© TÜBİTAK
doi:10.3906/elk-1906-60 h t t p : / / j o u r n a l s . t u b i t a k . g o v . t r / e l e k t r i k /
Research Article
Development of a supervised classification method to construct 2D mineral maps on backscattered electron images
Mahmut CAMALAN
1,∗, Mahmut ÇAVUR
2
1
Middle East Technical University, Ankara, Turkey
2
Management Information Systems, Kadir Has University, İstanbul, Turkey
Received: 10.06.2019 • Accepted/Published Online: 04.10.2019 • Final Version: 28.03.2020
Abstract: The Mineral Liberation Analyzer (MLA) can be used to obtain mineral maps from backscattered electron (BSE) images of particles. This paper proposes an alternative methodology that includes random forest classification, a prospective machine learning algorithm, to develop mineral maps from BSE images. The results show that the overall accuracy and kappa statistic of the proposed method are 97% and 0.94, respectively, proving that random forest classification is accurate. The accuracy indicators also suggest that the proposed method may be applied to classify minerals with similar appearances under BSE imaging. Meanwhile, random forest predicts fewer middling particles with binary and ternary composition, but the MLA predicts more middling particles only with ternary composition. These discrepancies may arise because the MLA, unlike random forest, may also measure the elemental compositions of mineral surfaces below the polished section.

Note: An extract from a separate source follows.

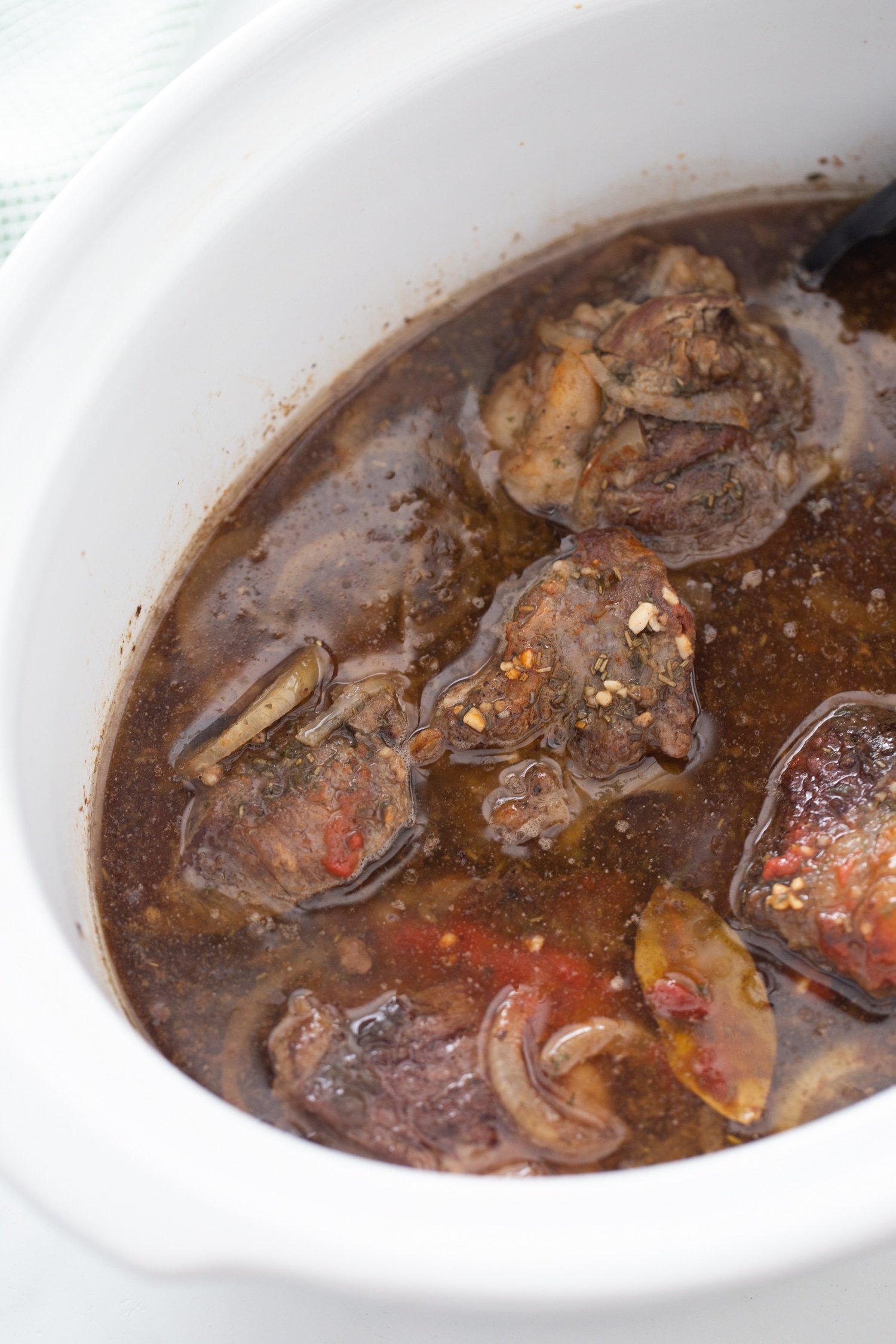 cooked keto short ribs in a sauce in the crock-pot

Key words: Random forest, Mineral Liberation Analyzer, backscattered electron images, mineral map, confusion matrix
1. Introduction
Mineral maps are particularly used in process mineralogy to obtain quantitative data regarding the morphology and composition of any particle population. These maps can be used to estimate various features of the population such as modal mineralogy [1–4], particle and grain size distributions [5], mineral grade distributions [5–9], mineral associations in binary- and ternary-composed particles [2, 10–14], and grade-recovery curves [2, 11, 12, 15–17].
A mineral map for any sample of particles can be constructed from surface (2D) images of particles. 2D images can be digitized on polished sections of particles by an ore microscope [18] or backscattered electron (BSE) imaging [19, 20] on a scanning electron microscope (SEM). The optical micrographs can be evaluated with various image processing methods [11, 21–26] for the construction of a 2D mineral map on particles. However, the reflected light imaging in ore microscopy generates indistinguishable images of siliceous nonopaque minerals and epoxy resin as the reflected light spectra of the transparent minerals and epoxy resin are very similar [27].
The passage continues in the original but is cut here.